Message-ID: <54DB83F5.50104@cybernetics.com>
Date: Wed, 11 Feb 2015 11:31:49 -0500
From: Tony Battersby <tonyb@cybernetics.com>
User-Agent: Mozilla/5.0 (X11; Linux x86_64; rv:31.0) Gecko/20100101 Thunderbird/31.4.0
MIME-Version: 1.0
To: linux-scsi@vger.kernel.org,
        "James E.J. Bottomley" <JBottomley@parallels.com>,
        Christoph Hellwig <hch@infradead.org>, Jens Axboe <axboe@kernel.dk>,
        Douglas Gilbert <dgilbert@interlog.com>
CC: linux-kernel@vger.kernel.org
Subject: [PATCH] [SCSI] bsg: fix unkillable I/O wait deadlock with scsi-mq
Content-Type: text/plain; charset=utf-8
Content-Transfer-Encoding: 7bit
Sender: linux-kernel-owner@vger.kernel.org
Content-Length: 9350
Lines: 287

When using the write()/read() interface for submitting commands, the bsg
driver does not call blk_put_request() on a completed SCSI command until
userspace calls read() to get the command completion.  Since scsi-mq
uses a fixed number of preallocated requests, this makes it possible for
userspace to exhaust the entire preallocated supply of requests, leading
to deadlock with the user process stuck in a permanent unkillable I/O
wait in bsg_write() -> ... -> blk_get_request() -> ... -> bt_get(). 
Note that this deadlock can happen only if scsi-mq is enabled.  Prevent
the deadlock by calling blk_put_request() as soon as the SCSI command
completes instead of waiting for userspace to call read().
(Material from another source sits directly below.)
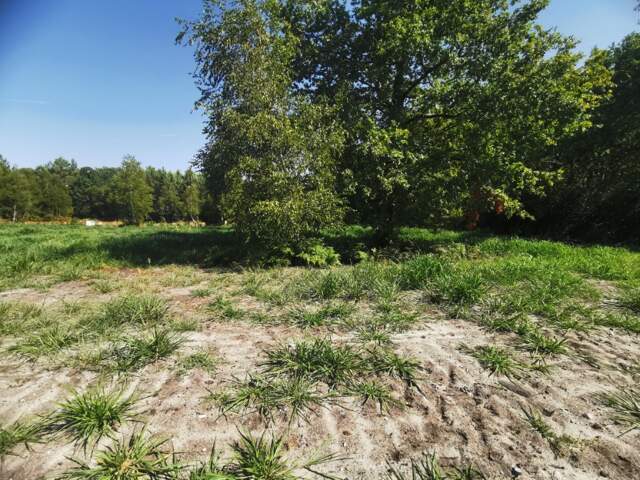 Terrain à bâtir à Mios (33380) — photo du bien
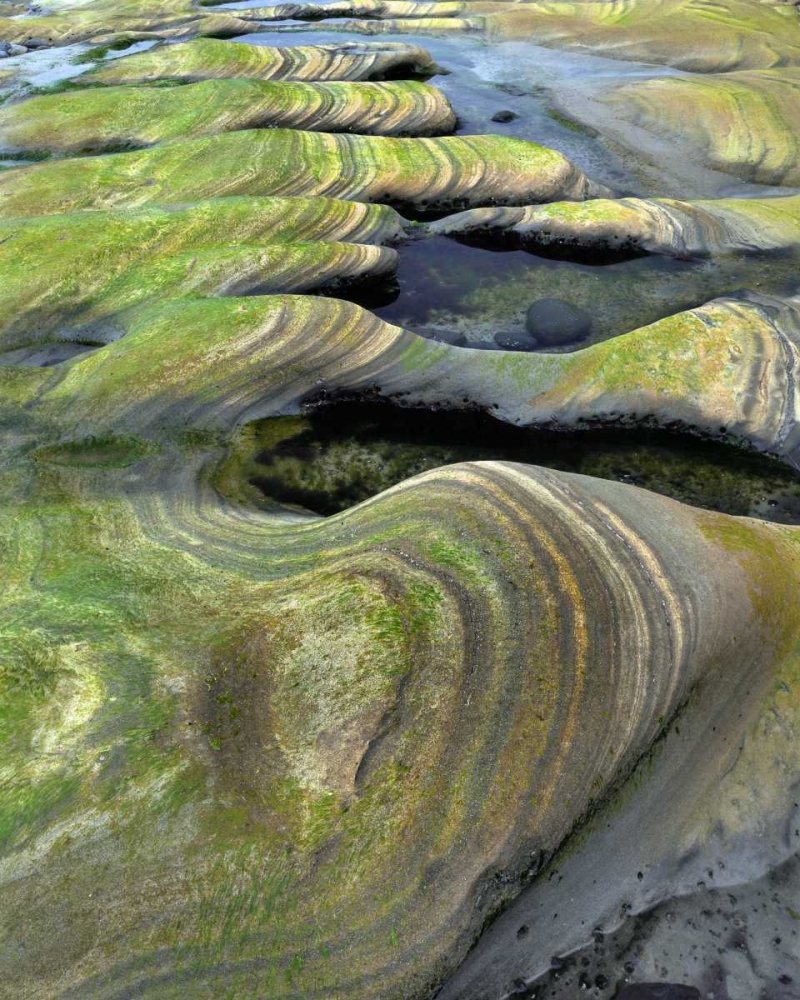 OR, Seal Rock Beach Algae-tinted sandstone art print by Steve Terrill for $57.95 CAD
Cc: <stable@vger.kernel.org> # 3.17+
Signed-off-by: Tony Battersby <tonyb@cybernetics.com>
---

For inclusion in kernel 3.20.

Note: I did a number of tests with this patch, but I do not have any
programs to test commands with bidirectional data transfer.  I would
appreciate if someone could test that.

description of changes:
*) For ioctl(SG_IO), allocate a struct bsg_command on the stack instead
of allocating all the component fields on the stack.  This helps
simplify the code.
*) Split blk_complete_sgv4_hdr_rq() into two functions:
bsg_complete_command_rq() and bsg_complete_command_usercontext().
*) Call bsg_complete_command_rq() from the asynchronous bsg_rq_end_io()
or after a synchronous call to blk_execute_rq().
*) The important change to fix the deadlock is that bsg_rq_end_io() now
calls __blk_put_request().
*) Replace calls to blk_complete_sgv4_hdr_rq() with calls to
bsg_complete_command_usercontext().
*) Use bc->err to pass around negative error values.
*) If rq->errors < 0, do not use it to set
device_status/transport_status/driver_status.
*) Check the return value of blk_rq_unmap_user().
*) Remove bc->rq as it is no longer needed.

I will send a separate patch to fix the same problem in the sg driver.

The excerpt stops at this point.